0
votes

Since ifelse() strips attributes, I use multiple steps to replace ifelse() when it comes to date.

For example,

df <- data.table(a = (1:4),
                 b = as.Date(c("2012-05-05","2014-05-02","2016-01-02","2011-01-02")),
                 c = as.Date(c("2014-02-05","2010-01-02","2015-02-02","2012-03-02")))
year <- 2013
df[, d := as.Date(paste0(format(c, "%Y"), "-", format(b, "%m-%d")))]
df[d <= c, d := as.Dat‌​e(paste0(year, "-", format(b, "%m-%d")))]

The example above is quite simple. In real life, I have a more complex situation, which requires making comparison using 3 date columns, totaling 5 different scenarios. Does it mean I need to use 5 steps to complete all the "if else" scenarios? If this is the case, I guess, the advantages of data.table are not best utilized.

Is there some way to avoid using multiple steps?


The codes up there is not quite confusion. Sorry for that. The purpose is that, if the combination of month and day of column b is earlier than that of column c, create a date with the year of 2013, month and day from column b; otherwise, create a date with the year of column c, month and day from column b.

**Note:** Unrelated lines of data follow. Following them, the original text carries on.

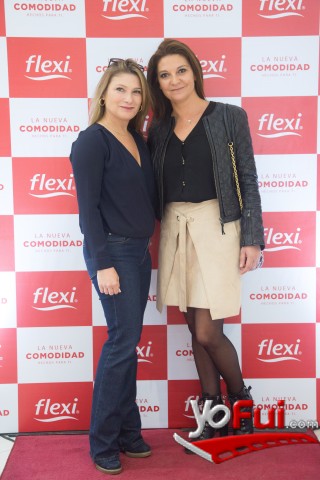 Bibi Mandakovic, Francisca Vives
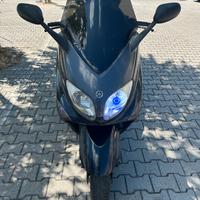 Yamaha T Max - 2001/2004
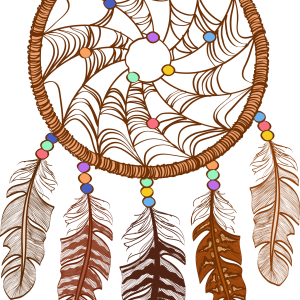 Dreamcatcher PNG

Thanks to @docendo discimus, I changed the code.


One more example

year1<-2020
year2<-2025
year3<-2030
df<-data.table(a=(1:4),b=as.Date(c("2012-05-05","2014-01-02","2016-10-02","2011-01-02")),
               c=as.Date(c("2014-09-05","2010-07-02","2015-02-02","2012-03-02")),
               d=as.Date(c("2008-02-06","2009-08-07","2011-04-04","2010-07-10")))
df[,e:=as.Date(paste0(format(c,"%Y"),"-",format(b,"%m-%d")))];
df[e<=c & e>d,e:=as.Date(paste0(year1,"-",format(b,"%m-%d")))]
df[as.Date(paste0(format(c,"%Y"),"-",format(b,"%m-%d")))<=c & as.Date(paste0(format(d,"%Y"),"-",format(b,"%m-%d")))<=d,e:=as.Date(paste0(year2,"-",format(b,"%m-%d")))]
df[as.Date(paste0(format(c,"%Y"),"-",format(b,"%m-%d")))>c,e:=as.Date(paste0(year3,"-",format(b,"%m-%d")))]

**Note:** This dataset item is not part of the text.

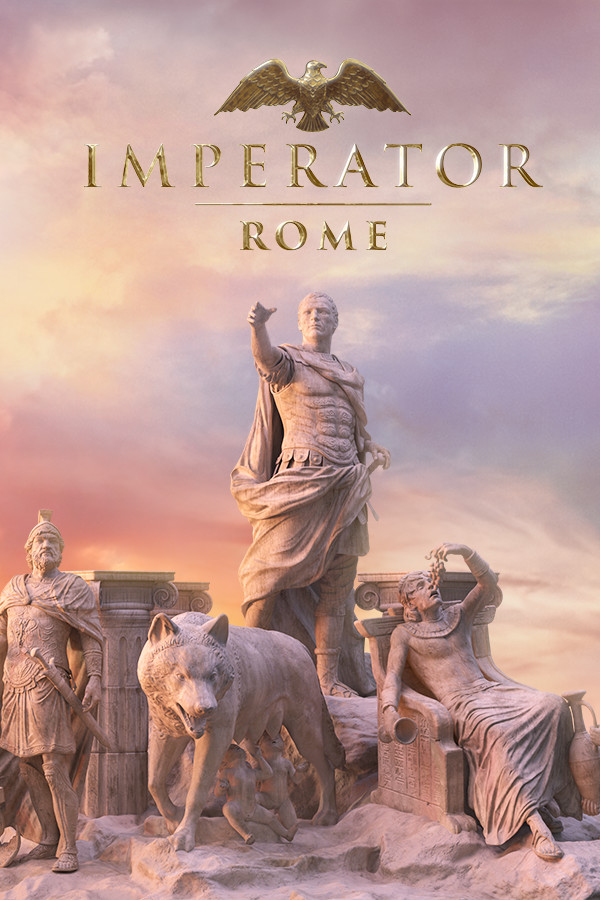 Get Imperator Rome Magna Graecia Content Pack at The Best Price - GameBound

The purpose of the above example is make comparison using 3 date columns. When I say compare, I mean use month and day only, regardless year.

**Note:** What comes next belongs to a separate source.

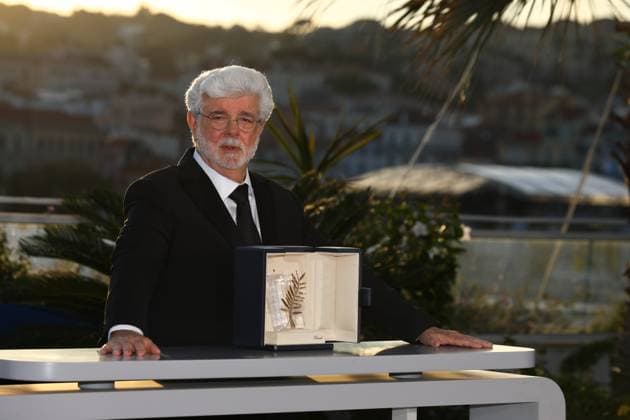 May 25, 2024, Cannes, Cote D azur, France: XXX wins the Palme d Or and poses during Winners photocall at the 77th Annual Cannes Film Festival at Palais des Festivals in Cannes, France Cannes France - ZUMAc179 20240525_zep_c179_108 Copyright: xMickaelxChavetx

If b<=c and b>d, change the year to 2020,
if b<=c and b<=d, change the year to 2025,
if b>c, change the year to 2030.

I need to use 4 steps to accomplish this. Step 3 and Step 4 becomes ugly since I changed the year of column e in step 2, I cannot use column e to compare with c and d anymore. Is there some way to simplify the above example?

1
Can you explain in words what your code is doing? - David Arenburg
What the **** are you doing there with as.Date and format? It makes your example unreadable. Anyway, please provide a representative, minimal reproducible example. For you example here (i.e., a simple if/else situation), such a two-step approach is exactly what I use. - Roland
sprintf would make this a whole lot more readable as.Date(sprintf('%s-%s-%s', format(c,"%Y"), format(b,"%m"),format(b,"%d"))) - rawr
fyi, you could also rewrite it as df[,d:=as.Date(paste0(format(c,"%Y"),"-",format(b,"%m-%d")))];df[d<=c,d:=as.Date(paste0(year,"-",format(b,"%m-%d")))] - talat
Please provide an example that reflects "the real question". - Roland

1 Answers

1
votes

The memisc package provides the cases function, which often serves in place of multiple calls to ifelse:

d <- data.frame(x = 1:8)
d$y <- cases(
    d$x == 5 -> "Five",
    d$x < 3  -> "Less than three",
    d$x > 5  -> "More than five",
    rep(TRUE, 8) -> "Otherwise"
)
d

Which yields:

  x               y
1 1 Less than three
2 2 Less than three
3 3       Otherwise
4 4       Otherwise
5 5            Five
6 6  More than five
7 7  More than five
8 8  More than five

This is just a toy example to show off cases, but you may find the function useful in your situation. Note that you can replace the conditions d$x == 5 and the like with any series of logical vectors as long as each is the same length, and cases will just catch the first one that evaluates to TRUE.